If EASY MODE Then LOAD EASY MODE Else LOAD HARD MODE

etc.

You check for flags, and you do different things. Of course if you want to load different layouts you have to duplicate the layout files and tweak the loading code accordingly. I do this, in a very inefficient way, in my hack, where I give 3 palette choices (original, mine, and Stephen's), I triplicated the palette files and made the palette loading code check for the palette flag:
Code:
PalLoad1:
		cmpi.b	#$1,($FFFFC615).w
		beq.s	PalLoad1Orig
		cmpi.b	#$2,($FFFFC615).w
		beq.s	PalLoad1Stephen
		lea	(PalPointers).l,a1	; NEKO PALETTES
		bra.s	PalLoad1Common
PalLoad1Stephen:
		lea	(PalPointers3).l,a1	; STEPHEN PALETTES
		bra.s	PalLoad1Common
PalLoad1Orig:
		lea	(PalPointers2).l,a1	; ORIGINAL PALETTES
PalLoad1Common:
		lsl.w	#3,d0
		adda.w	d0,a1
		movea.l	(a1)+,a2
		movea.w	(a1)+,a3
		adda.w	#$80,a3
		move.w	(a1)+,d7
The basic concept is always the same. Set flag, cmpi.b, beq.b/bne.b

SuperEgg · May 22, 2013

This concept isn't that foreign.

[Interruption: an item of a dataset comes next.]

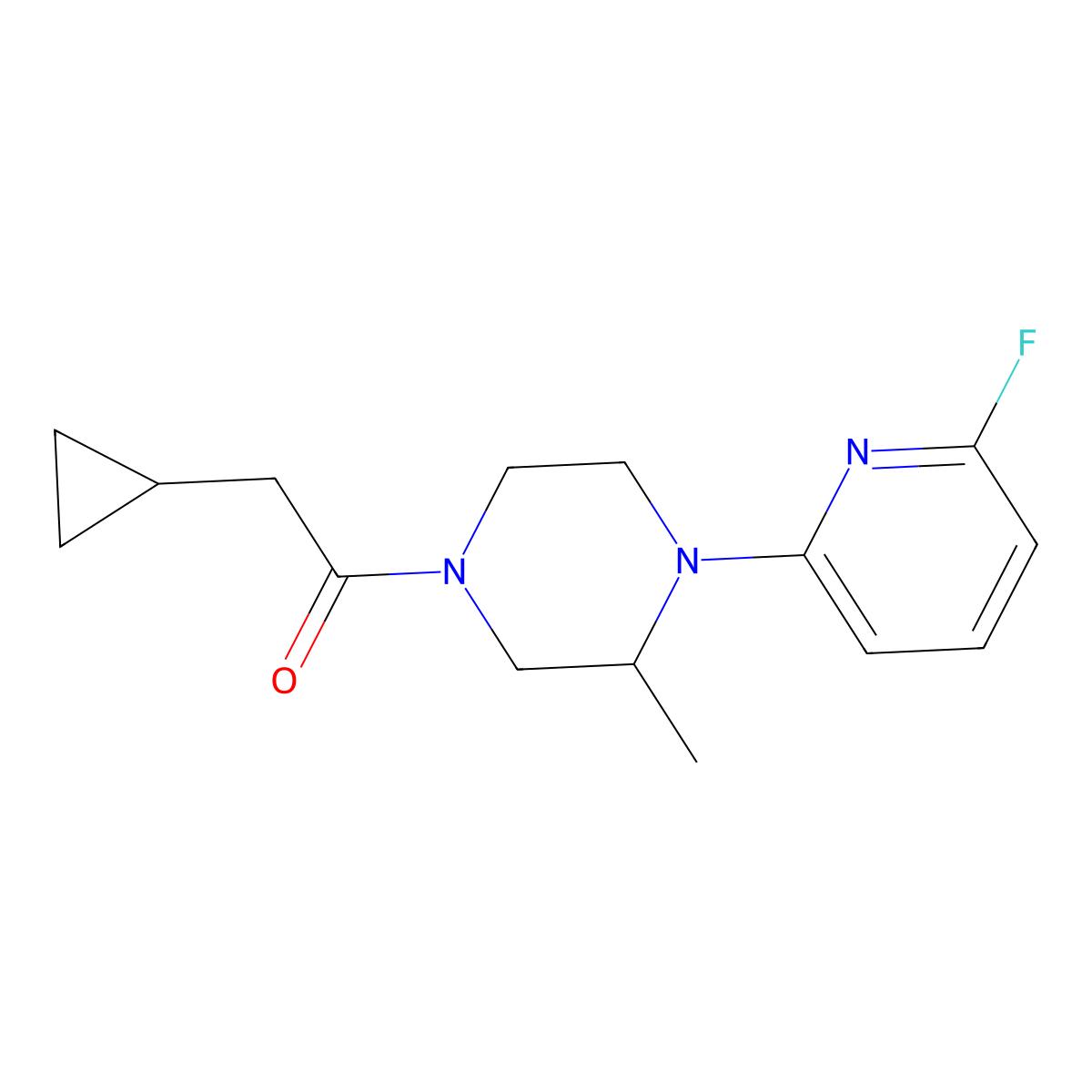 2-Cyclopropyl-1-[4-(6-fluoropyridin-2-yl)-3-methylpiperazin-1-yl]ethan-1-one molecular structure, CAS 3054610-70-4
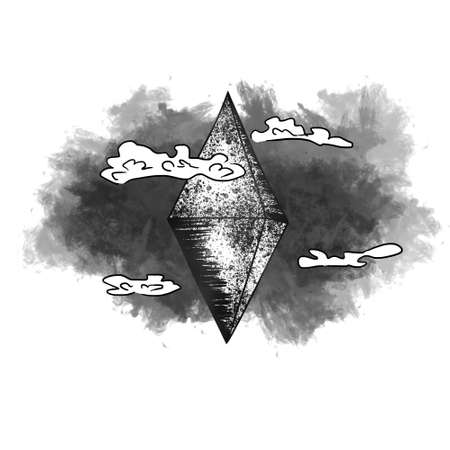 fantastic black crystal in the skyの写真素材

If you guys have Build A Burger, it's exactly the same thing, except for difficulty setting, it's just choosing layouts between each S2 build

. As far as making it character specific, it's not that hard either, it's just a matter of checking which character is in play, and having it choose a layout, beginning path, or whatever. RHS, nineko, and I have posted alternate methods of doing so, of course RHS is more energy efficient. =P In theory, you could easily just make a table to load each layout, thus de-stressing the whole issue entirely, but I'm too lazy to post up an example.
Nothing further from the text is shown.